Monday, Jul. 30, 1951

Starches? Ugh!

Four and twenty fat women sat in a row. They hardly knew where they were--and didn't care. Eleven stories below, in Chicago's Loop, riveters chattered, but all they heard was a soothing, syrupy voice. Said the voice: "Close your eyes and relax." They did. "You are going to be deep, deep asleep in a few minutes." They slept.

The molasses voice flowed on: "You will be unable to use sugar, starches, oils or fats in your foods....Even the thought of them will be repulsive to you....You will not drink carbonated drinks any more, nor beer, nor liquor....You will end your bedtime snacks and your eating between meals. You will be satisfied with only half your usual quantity of food..."

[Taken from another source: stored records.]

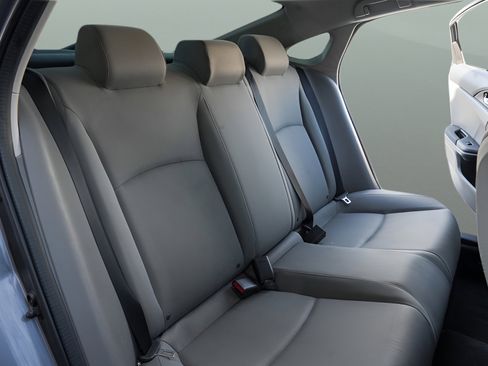 Used 2018 Honda Civic LX image 15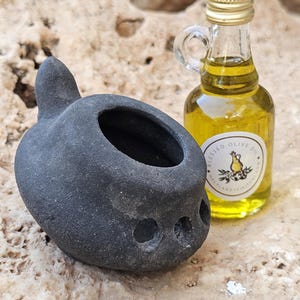 Unique Hand made Clay oil lamp from Jerusalem the Holy Land with 30ml olive oil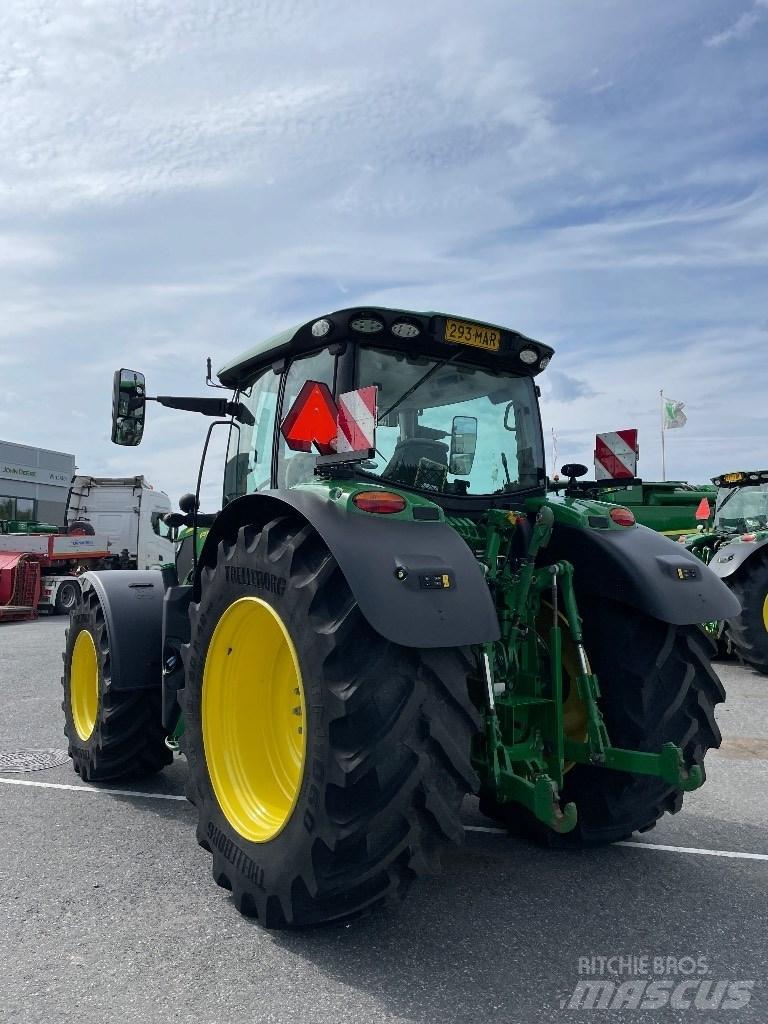 John Deere 6155R Traktorit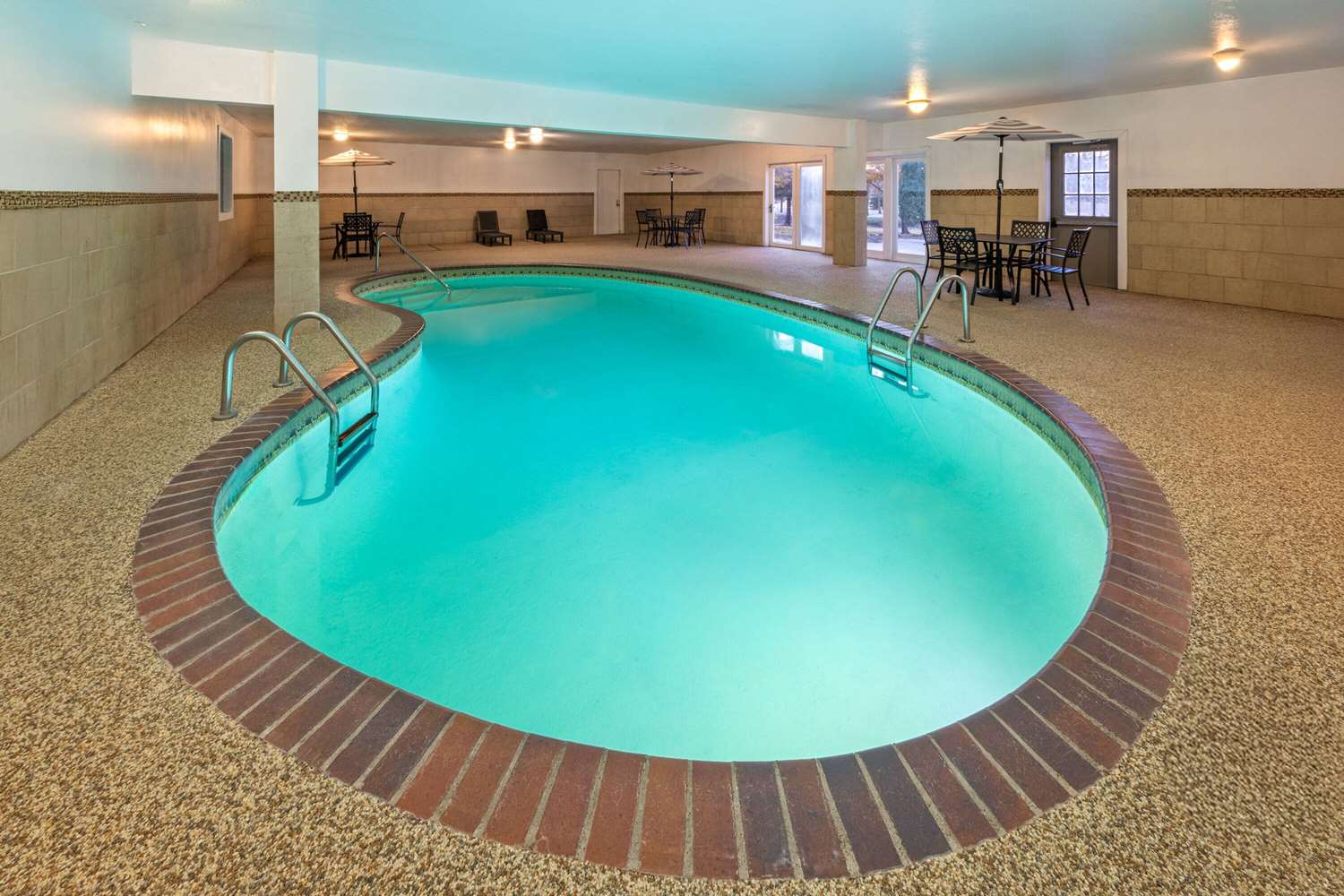 Days Inn by Wyndham Hutchinson 14/23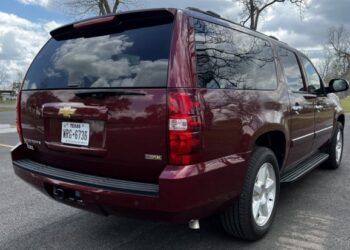 2008 Chevrolet Suburban 1500 LTZ 4×4 at No Reserve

The chunky owner of the voice, Edwin L. Baron, "master hypnotist," padded softly among the entranced women. When an eyelid fluttered, he put his hand on the sleeper's forehead, murmuring his message again. "Now I will count to three and you will wake up," he said briskly. With yawns and stretches, they woke. The lesson had lasted half an hour.

Baron's reducing classes have nicely filled the summer slump in his hypnotism lectures. At first he took no fees, but last week, with 70 clients, he began to charge newcomers $2.50 a lesson.

Said Mrs. Miriam Shapiro, after losing 14 Ibs. in five weeks: "I feel like I'm borrowing his will power. It's all in your head. My desire to eat the wrong foods is gone. I don't have to worry about diets." Mrs. Beatrice Barnett dropped 16 Ibs. in two weeks, boasted: "I've lost absolutely all taste for sweets and in-between snacks. It's helped my bronchial asthma too, and I sleep nights."

Psychiatrists are leery of group hypnosis: they say that a borderline mental case, thus hypnotized, may slip over the line into insanity. Baron insists: "My work is ethical and psychological. It's purely a research project."

Dollie Dimples (in private life, Mrs. Celesta Geyer of Orlando, Fla.) was heavier (555 Ibs.) last year, worked as a carnival fat lady. Then she had a heart attack and retired from show business. Last week, on her 50th birthday, five-foot Dollie was down to 154. Said she: "It's simple. All anyone has to do is diet properly." She did it by cutting down to 800 calories a day (normal U.S. diet: 3,000 calories).